■ EXERCISE OBJECTIVE
Each line from the one containing "ZOI Ilios 6000" through the last line of the records is to be repeated exactly, with all pictures left out.

*** Begin section ***

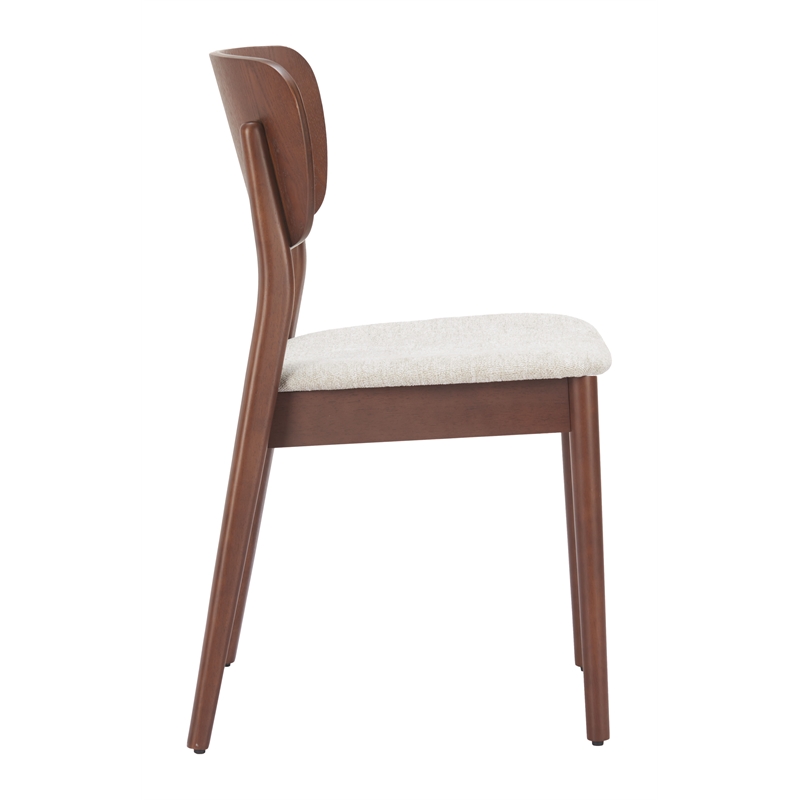 Pemberly Row Contemporary Dining Chair (Set of 2) Beige & Walnut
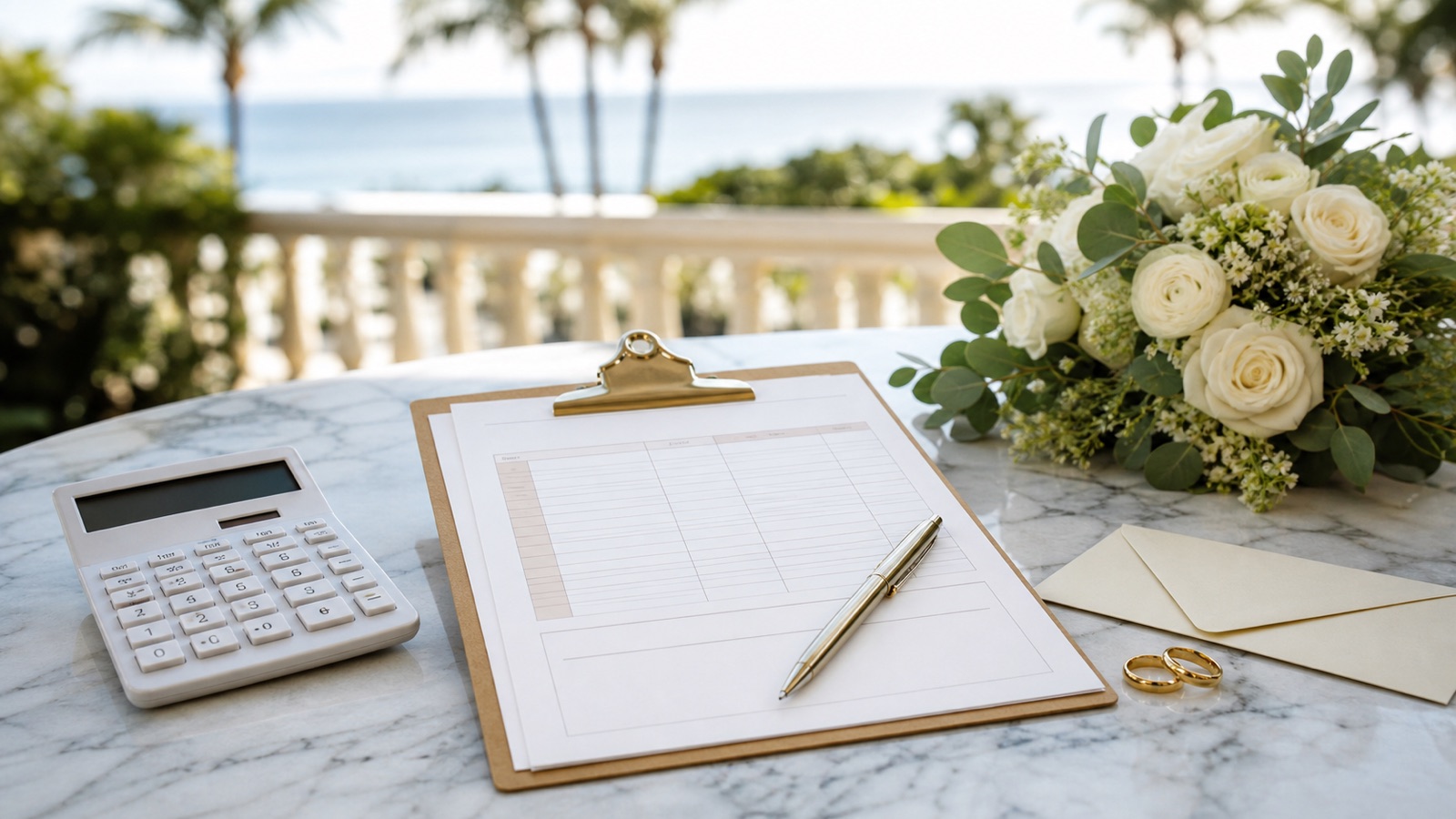 Wedding budget worksheet with calculator, rings, flowers, envelope and pen on a bright Palm Beach planning table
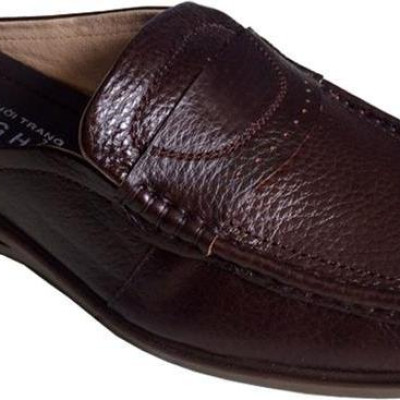 Dép bít mũi nam Trường Hải da bò cao cấp đế cao su màu nâu bò BM217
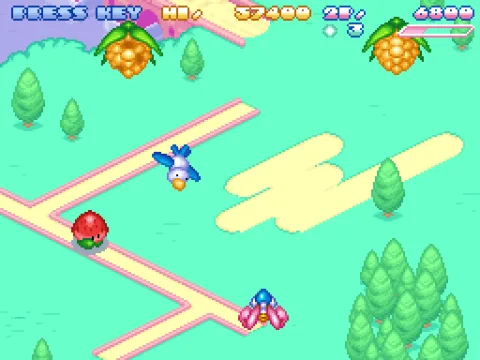 Village area: cute fruits and birds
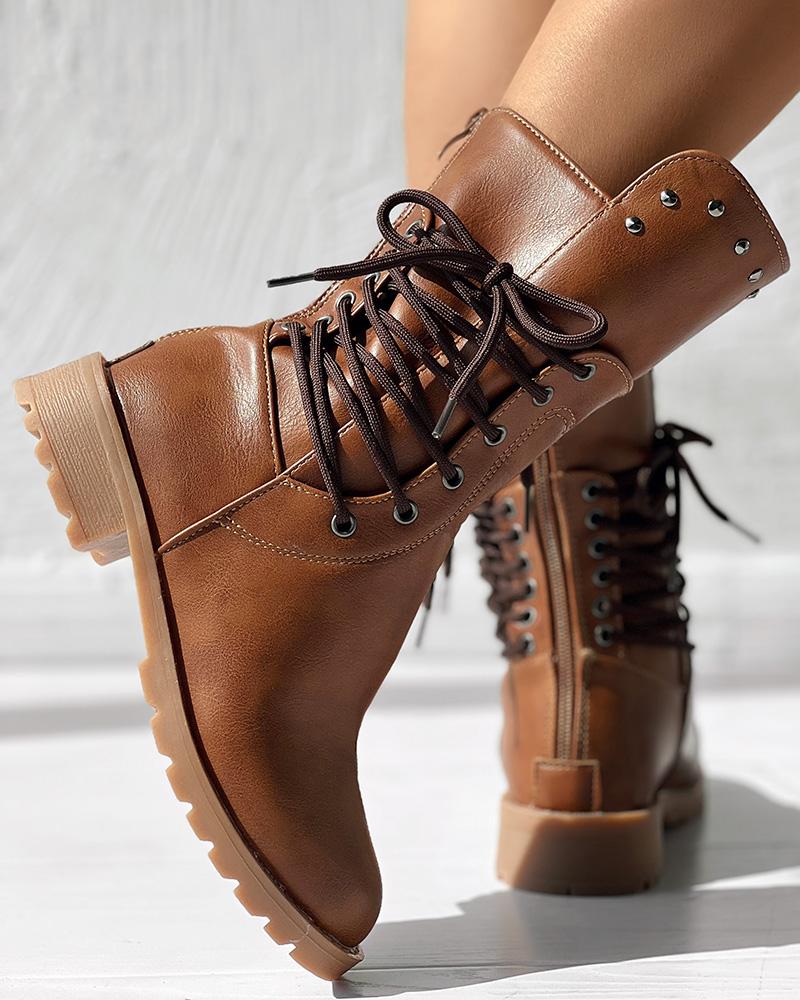 Studded Side Lace up Chunky Heel Ankle Boots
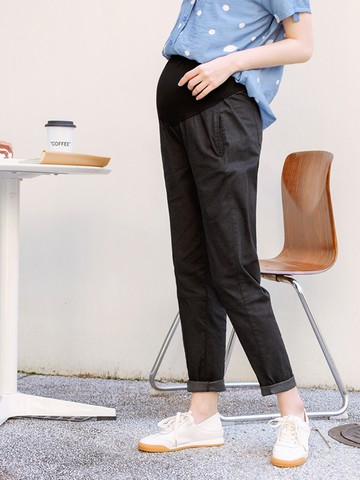 純棉高彈力素色孕婦哈倫褲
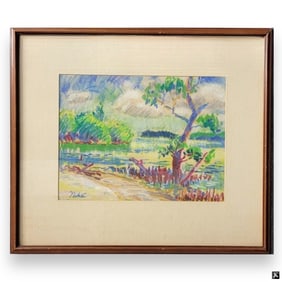 Nike Parton (USA B1922) Landscape Watercolor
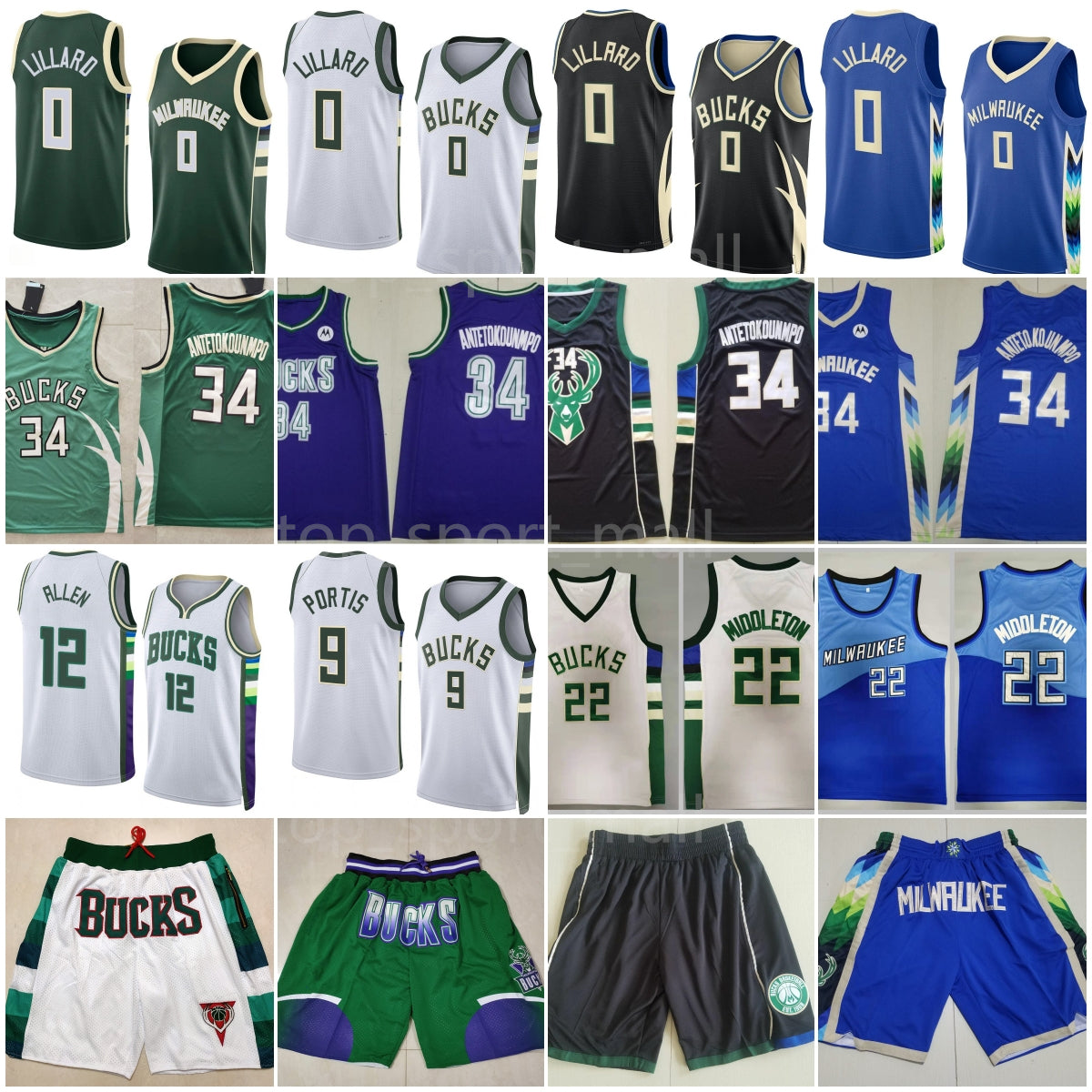 Men Basketball Team 0 Damian Lillard Jerseys 34 Giannis Antetokounmpo Just Don Shorts Khris Middleton Grayson Allen Connaughton Brook Lopez Bobby Po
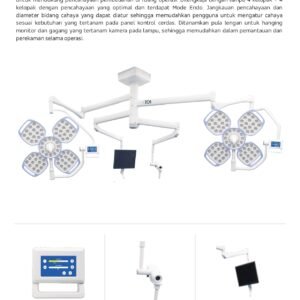 ZOI Ilios 6000 Series Surgical Light - Double Dome - Hanging Monitor dan Hanging Camera
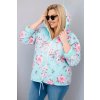 Dámská jarní prošívaná bunda Plus Size s kapucí a květinovým vzorem mátová (Velikost universal, Barva Mátový)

*** End section ***

■ FINISHED EXERCISE
 ZOI Ilios 6000 Series Surgical Light - Double Dome - Hanging Monitor dan Hanging Camera
 Dámská jarní prošívaná bunda Plus Size s kapucí a květinovým vzorem mátová (Velikost universal, Barva Mátový)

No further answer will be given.